I've been practising for a good while though I only make maybe 1 or 2 lattes a week, sometimes less as I drink my coffee black.

Here's tonight's, a simple heart.

I have several pics on my tumblr of previous pours and some videos too.


----------



## MediumRoastSteam (Jul 7, 2015)

Good job! However, if you can, get a Rancilio Silvia replacement kit for the Classic. It will be a new level!


----------



## Badgerman (Nov 23, 2017)

MediumRoastSteam said:


> Good job! However, if you can, get a Rancilio Silvia replacement kit for the Classic.
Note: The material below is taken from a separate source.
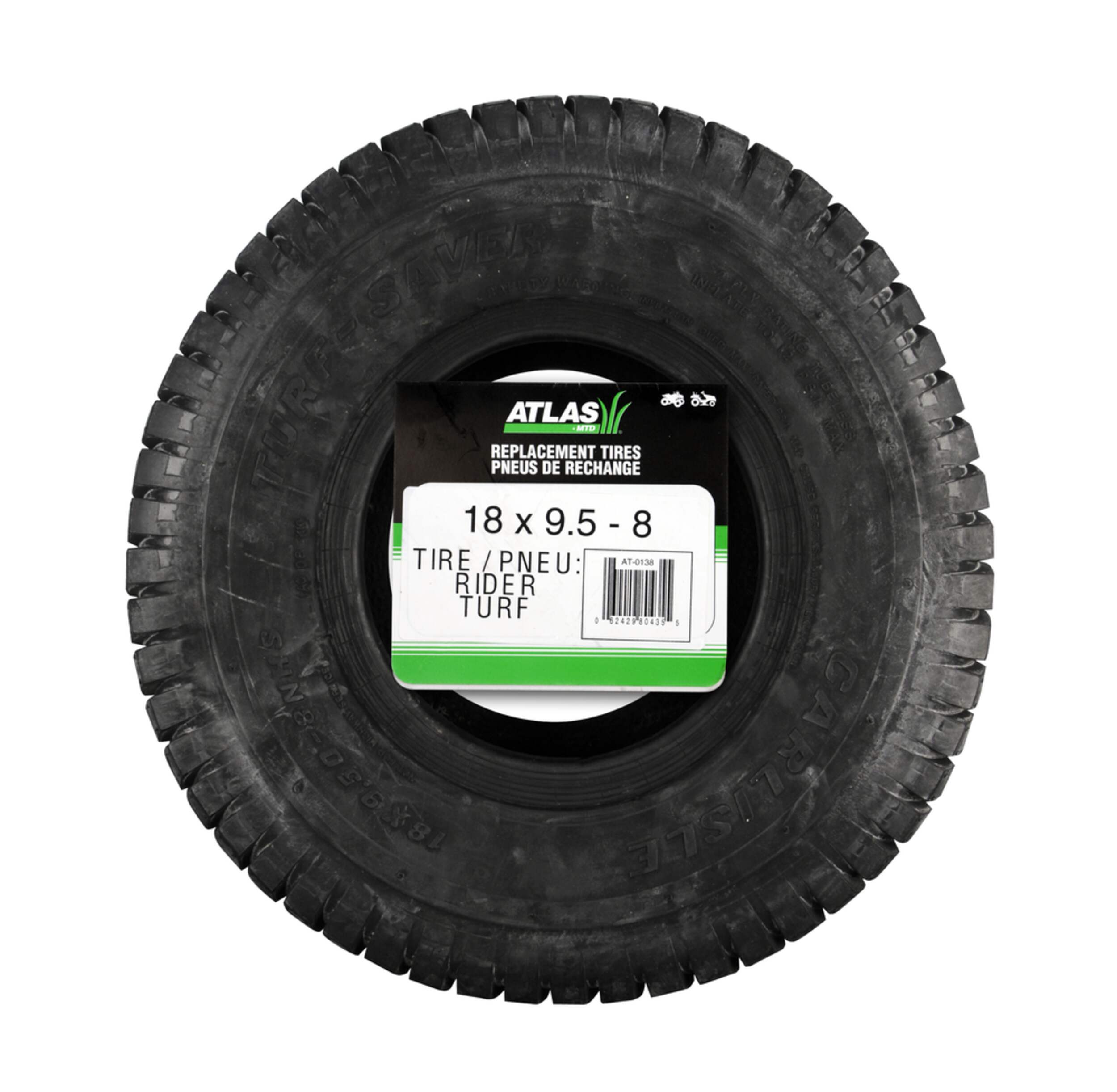 Pneu de rechange Atlas pour tondeuse à siège, 18 x 9,5 po, 8 po Front_Flat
It will be a new level!


Agree. Plus a PID and you're ready for level 3.


----------



## M1ks (Jan 29, 2018)

Thanks, a Silvia steam wand was on the mod menu but on the back burner now as I have a Wega single group machine I'm cleaning up and fixing to be my main machine, the Gaggia will become a backup/spare as I've just recently serviced it.

I'll add more pours when I do some.


----------



## M1ks (Jan 29, 2018)

Todays latte Rosetta.


----------



## salty (Mar 7, 2017)

M1ks said:


> View attachment 34759
> 
> 
> Todays latte Rosetta.


Nice one


----------



## M1ks (Jan 29, 2018)

salty said:


> Nice one


Thank you.


----------